• ABOUT THIS EXERCISE:
The task for the listing below is to write out exactly the lines starting at the one containing "Natalie Portman before" and ending at the one containing "Ulcus_Unbearbeitet Ulcus_Unbearbeitet", both included. Pictures are to be omitted.

• RAW DATA:
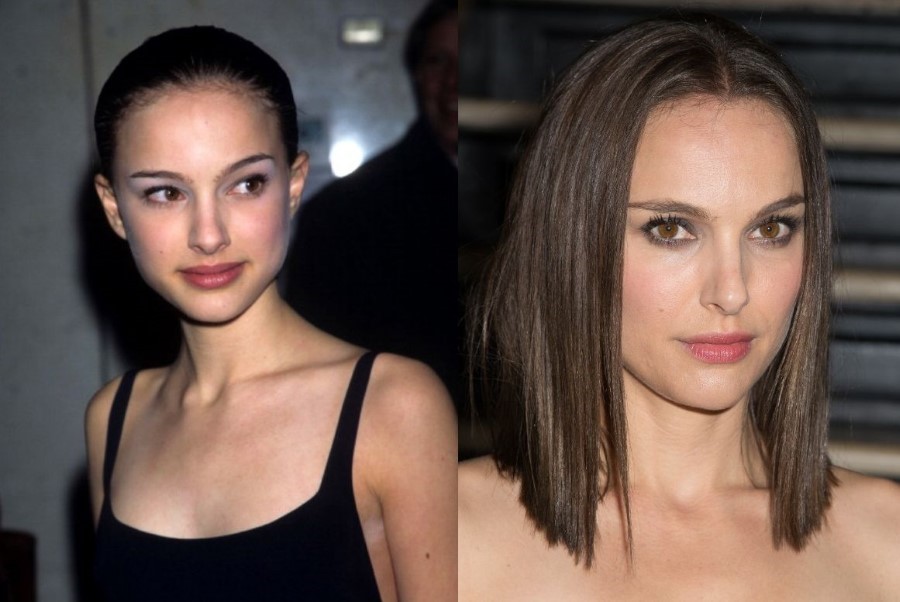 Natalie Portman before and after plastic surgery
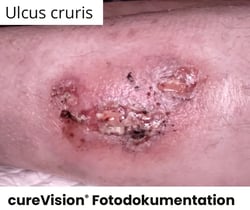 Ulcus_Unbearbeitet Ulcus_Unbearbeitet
---
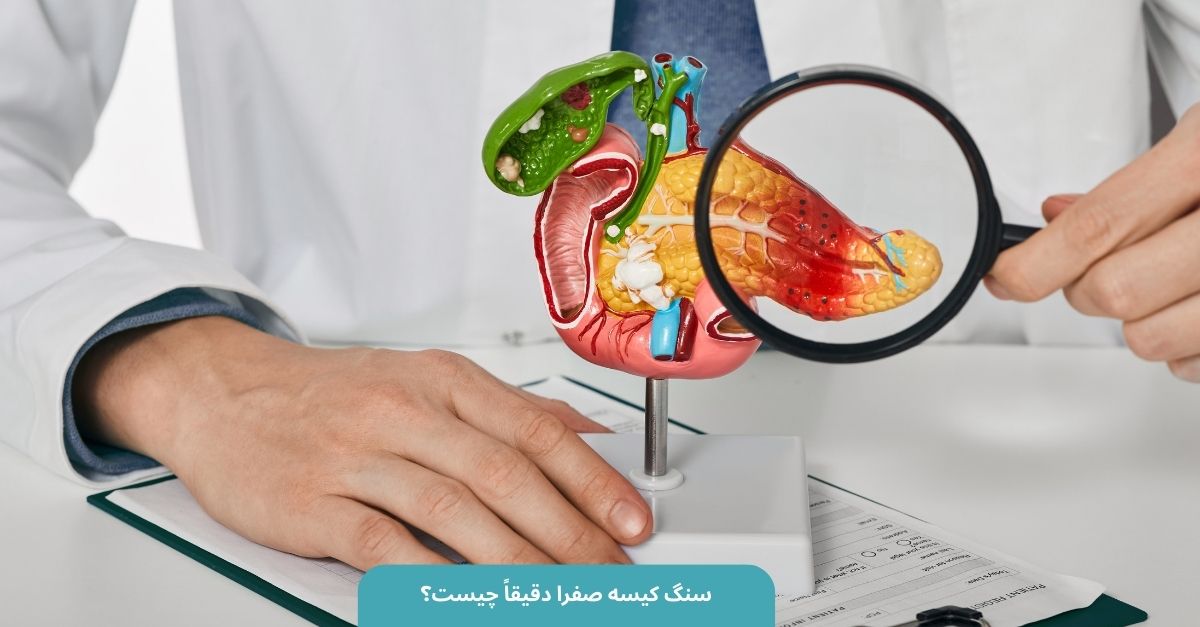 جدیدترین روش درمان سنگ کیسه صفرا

• TASK OUTPUT:
 Natalie Portman before and after plastic surgery
 Ulcus_Unbearbeitet Ulcus_Unbearbeitet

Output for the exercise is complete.